- **Supplied entries**:
────────────────────────────────────────
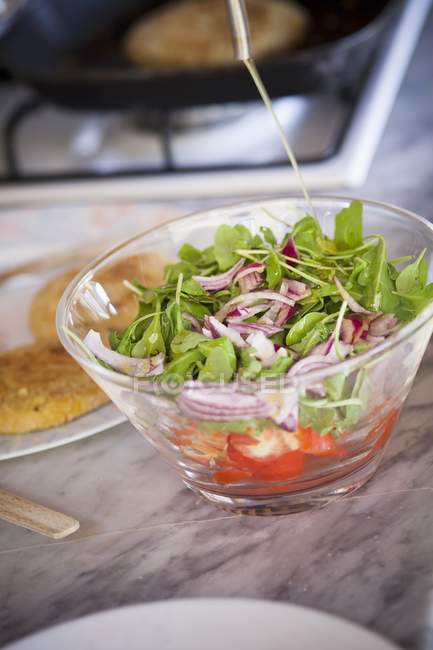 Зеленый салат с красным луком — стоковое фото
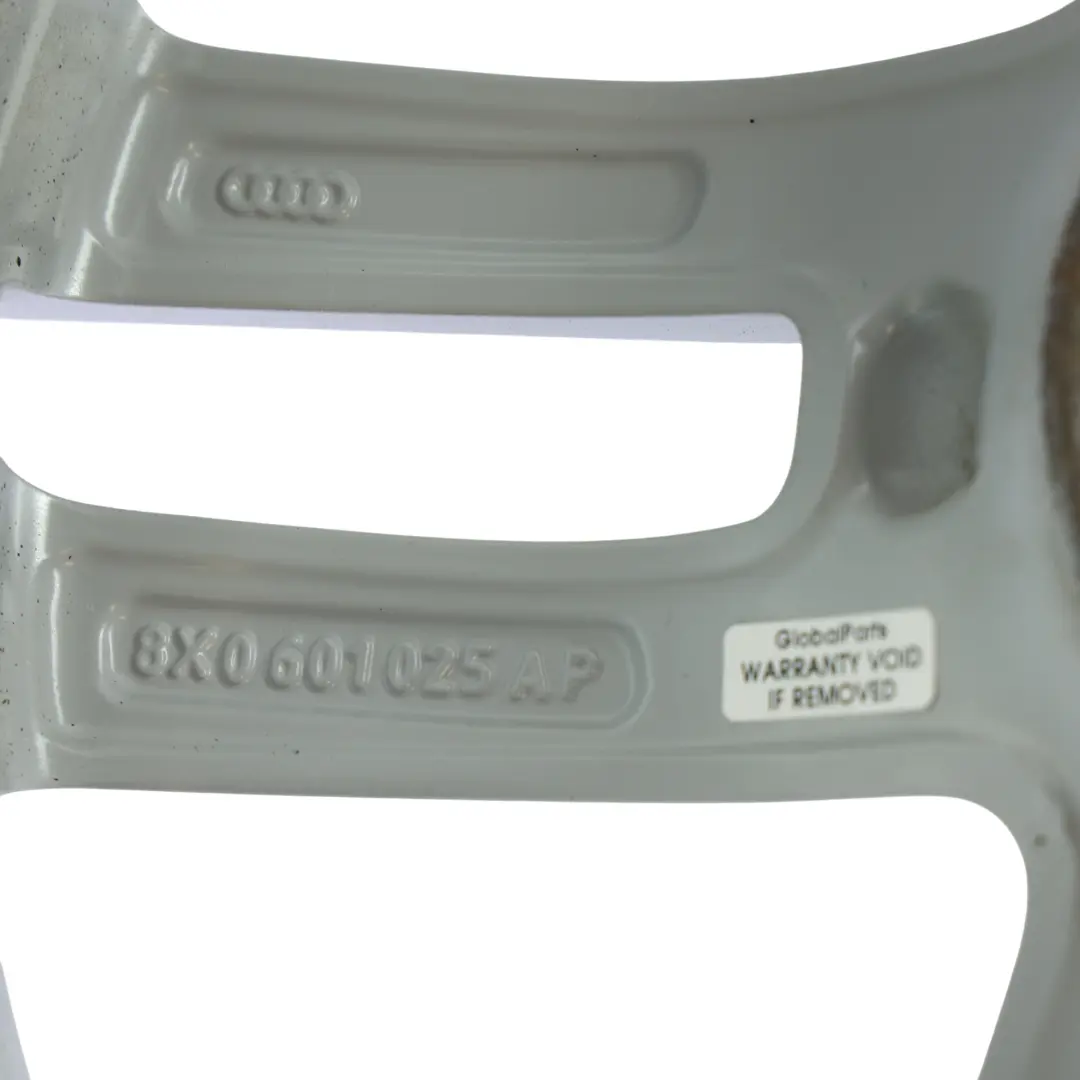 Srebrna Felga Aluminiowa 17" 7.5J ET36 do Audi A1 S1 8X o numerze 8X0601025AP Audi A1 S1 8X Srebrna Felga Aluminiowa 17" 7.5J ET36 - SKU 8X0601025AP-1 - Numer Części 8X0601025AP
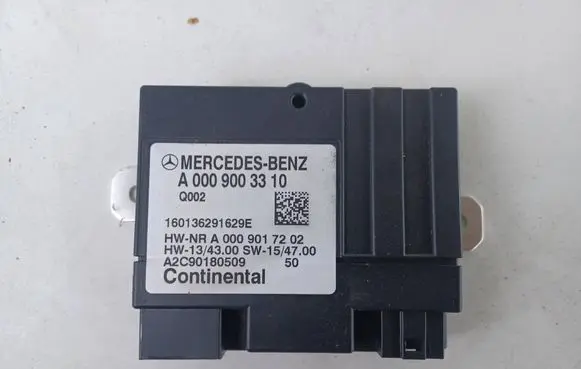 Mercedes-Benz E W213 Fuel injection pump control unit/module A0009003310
────────────────────────────────────────
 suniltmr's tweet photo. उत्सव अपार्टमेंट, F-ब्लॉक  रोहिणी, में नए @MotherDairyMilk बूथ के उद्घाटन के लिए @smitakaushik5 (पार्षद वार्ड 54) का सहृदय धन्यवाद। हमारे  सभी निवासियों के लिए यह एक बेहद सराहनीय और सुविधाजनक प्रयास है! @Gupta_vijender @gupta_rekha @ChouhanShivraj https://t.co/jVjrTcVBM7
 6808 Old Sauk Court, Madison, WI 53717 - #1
────────────────────────────────────────
- **Assignment**: A clean copy is needed of the lines above from the one with "Numer Części 8X0601025AP" up to and including the one with "Mercedes-Benz E W213". Please set it down exactly, with no pictures.

- **Reply**:
 Srebrna Felga Aluminiowa 17" 7.5J ET36 do Audi A1 S1 8X o numerze 8X0601025AP Audi A1 S1 8X Srebrna Felga Aluminiowa 17" 7.5J ET36 - SKU 8X0601025AP-1 - Numer Części 8X0601025AP
 Mercedes-Benz E W213 Fuel injection pump control unit/module A0009003310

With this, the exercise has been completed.